Shipping_and_Transportation

Date: 

1998-02-05 09:51:45

Subject: 

The FAA's Other Problem: Noncompliant Hardware

  Link:

http://www.wired.com/news/news/technology/story/9987.html

Comment: 

It's not just that the FAA has 23 million lines of code. It's that its computers are hard-wired wrong. So, they have to replace the computers. But they are also trying to rewrite code for their existing computers.

No question about it: the FAA is a government agency.

Note that the FAA is in the assessment stage. According to the California White Paper, assessment is 5% of a y2k project; awareness is 1%; inventory is 1%. The FAA therefore has over 95% of its project ahead of it.
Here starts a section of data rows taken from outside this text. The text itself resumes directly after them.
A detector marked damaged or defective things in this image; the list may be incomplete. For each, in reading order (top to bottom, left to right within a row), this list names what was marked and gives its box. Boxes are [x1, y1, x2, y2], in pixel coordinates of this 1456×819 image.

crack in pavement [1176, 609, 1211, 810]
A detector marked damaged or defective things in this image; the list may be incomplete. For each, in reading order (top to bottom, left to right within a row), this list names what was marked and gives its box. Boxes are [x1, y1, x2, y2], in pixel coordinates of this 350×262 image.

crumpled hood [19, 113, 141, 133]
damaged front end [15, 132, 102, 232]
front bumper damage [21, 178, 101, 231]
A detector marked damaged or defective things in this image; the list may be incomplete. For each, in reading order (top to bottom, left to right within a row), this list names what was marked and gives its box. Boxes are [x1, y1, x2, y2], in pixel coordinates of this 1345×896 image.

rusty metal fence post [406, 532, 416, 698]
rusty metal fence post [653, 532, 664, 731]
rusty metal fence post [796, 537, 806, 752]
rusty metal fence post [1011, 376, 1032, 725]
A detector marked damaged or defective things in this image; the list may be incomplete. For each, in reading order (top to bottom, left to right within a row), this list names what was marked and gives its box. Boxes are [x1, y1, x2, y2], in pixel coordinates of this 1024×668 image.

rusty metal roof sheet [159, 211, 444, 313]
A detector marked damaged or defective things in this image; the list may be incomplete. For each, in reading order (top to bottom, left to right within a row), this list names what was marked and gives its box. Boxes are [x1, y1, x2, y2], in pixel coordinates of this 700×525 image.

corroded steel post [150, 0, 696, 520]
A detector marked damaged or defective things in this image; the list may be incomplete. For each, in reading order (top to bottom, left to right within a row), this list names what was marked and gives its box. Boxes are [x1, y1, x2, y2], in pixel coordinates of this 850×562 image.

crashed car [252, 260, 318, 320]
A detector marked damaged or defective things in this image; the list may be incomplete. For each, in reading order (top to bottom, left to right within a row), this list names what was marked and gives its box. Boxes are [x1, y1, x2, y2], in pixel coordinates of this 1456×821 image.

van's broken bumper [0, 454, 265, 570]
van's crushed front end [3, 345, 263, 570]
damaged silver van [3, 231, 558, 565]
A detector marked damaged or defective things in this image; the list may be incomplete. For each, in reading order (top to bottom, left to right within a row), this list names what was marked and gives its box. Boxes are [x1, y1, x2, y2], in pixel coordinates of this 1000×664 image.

This is from WIRED NEWS (Jan. 30).

* * * * * *

"We're on one hand working to get those computers Year 2000 compliant, but at the same time we're working on replacing those computers," said Paul Takemoto, a spokesman for the FAA.

Takemoto said that the FAA is currently in the assessment phase of the project, where it will be determined exactly which systems and which lines of code need to be fixed.

"The host computer is the computer that's used at the 20 Air Route Traffic Control Centers," said Takemoto. While take-offs and landings are handled by an airport's air traffic control tower and another airport control handling the airspace within roughly a 50-mile radius of the airport, these Air Route Traffic Control Centers -- or ARTCCs -- handle all flights everywhere else.

There are 20 such ARTCCs throughout the country, each with a host computer and a backup system. All 40 of these machines -- mid-'80s vintage IBM 3083 mainframes -- are affected. The decision on whether or not to replace some of these computers, Takemoto said, will be made in 90 to 120 days.

But here's the catch -- it is not entirely a software problem. While the FAA's 23 million lines of code are being made Y2K compliant, the problem is also evident in the microcode that is built into some of its equipment's hardware.

Microcode -- or firmware, as it is sometimes called -- are the modifiable programming instructions written in a processor's machine language that are part of the device itself. This makes the situation difficult. . . .

Takemoto said that the FAA is going to attempt to fix the machines itself.

"They're talking about trying to fix it, just in case they can't get anything else running between now and then," said Peter G. Neumann, principal scientist at the SRI International Computer Science Laboratory, and moderator of the well-known RISKS Forum newsgroup. "They're in serious trouble," he said.